I learned that as a child growing up in a family where alcohol-related pathology is present, you want very badly to help out and make everything better. However, you realize with some significant frustration that it is impossible to intervene to make a difference. Later in life, when you enter into your own relationships, you want to insure that they will succeed and there is a tendency to bend over backwards to make them succeed, and this is where the downward spiral begins. With the assistance of a professional, who dealt in human behavior, the minor depression that I did not understand started to become clear. I began to realize that in two long-term relationships, I felt it was my job to “pick up the pieces” at all costs, and I did this to avoid any possible conflict such as what I had observed in my own family. I had chosen to “walk on eggshells” to avoid any confrontation—placing the other person’s needs ahead of my own. Unfortunately, once this pattern of behavior is established in a relationship, it is virtually impossible to change or take back.

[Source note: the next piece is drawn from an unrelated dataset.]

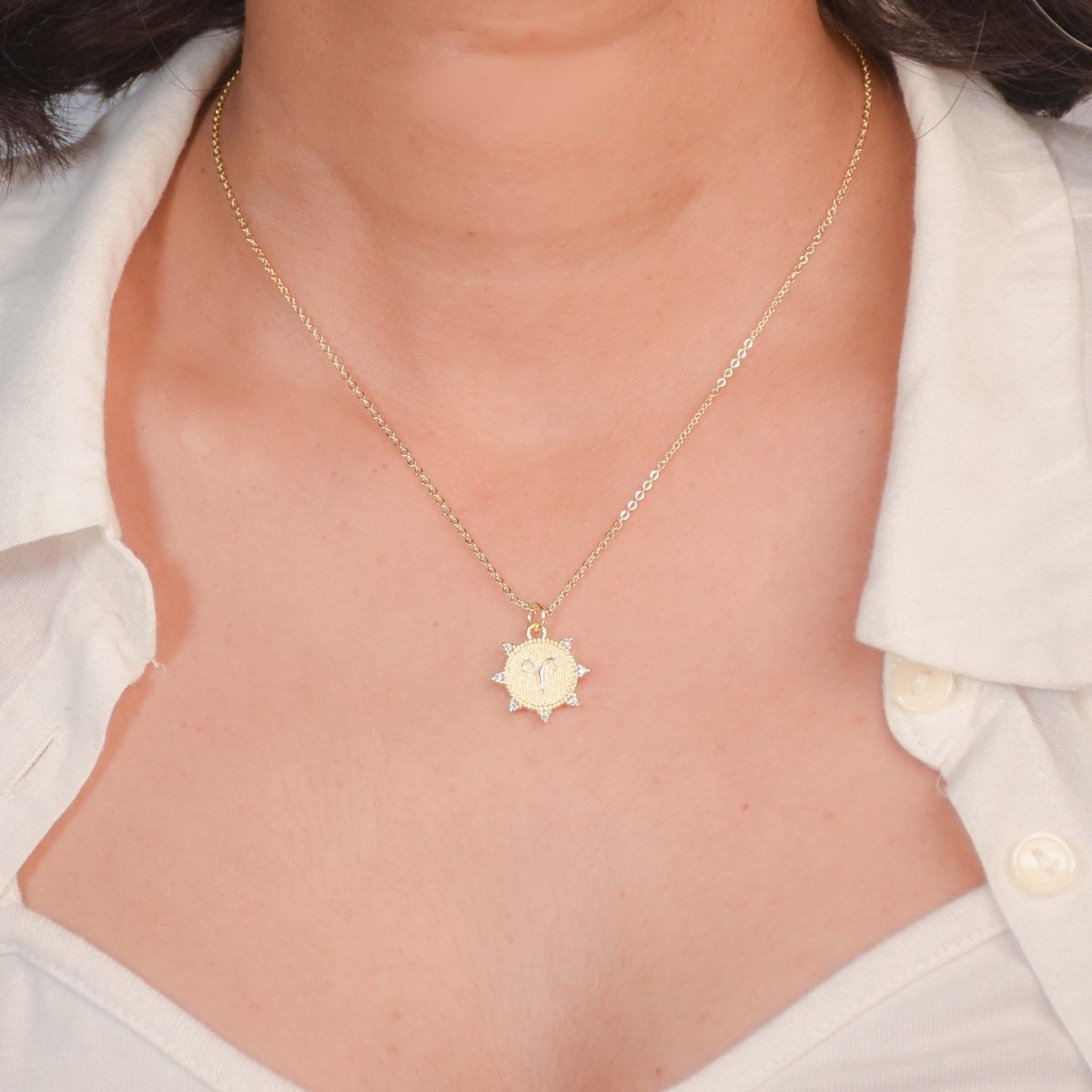 Zodiac Sign Necklace - Upakarnaproduct_type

In reviewing my past, this enlightenment was simple but monumental in my life. I learned to discern the difference between what is my job in a relationship and, more importantly, what is not my job. My job is not to continually enable another person at the expense of my own mental health. While it is necessary to lean on or be leaned upon on occasion, it should not become a permanent “job” in any relationship to be that strong person with broad shoulders who assumes it is necessary to hold everything up and keep everything intact. The other side of this is that children of alcoholics tend to seek out relationships in which they are needed, and expected, to assume the duty of being that strong person for their spouse or partner.
I have subsequently come to realize that a healthy relationship is one that is characterized by trust, mutual respect and open, honest communication. In addition, ideally each partner should have had a career or situation satisfactory to fulfilling that person’s needs as an individual, such that continued growth is a parallel experience—knowing that there is a desire to co-exist with someone that you love and respect. Unfortunately, sometimes it takes a while to reach that realization.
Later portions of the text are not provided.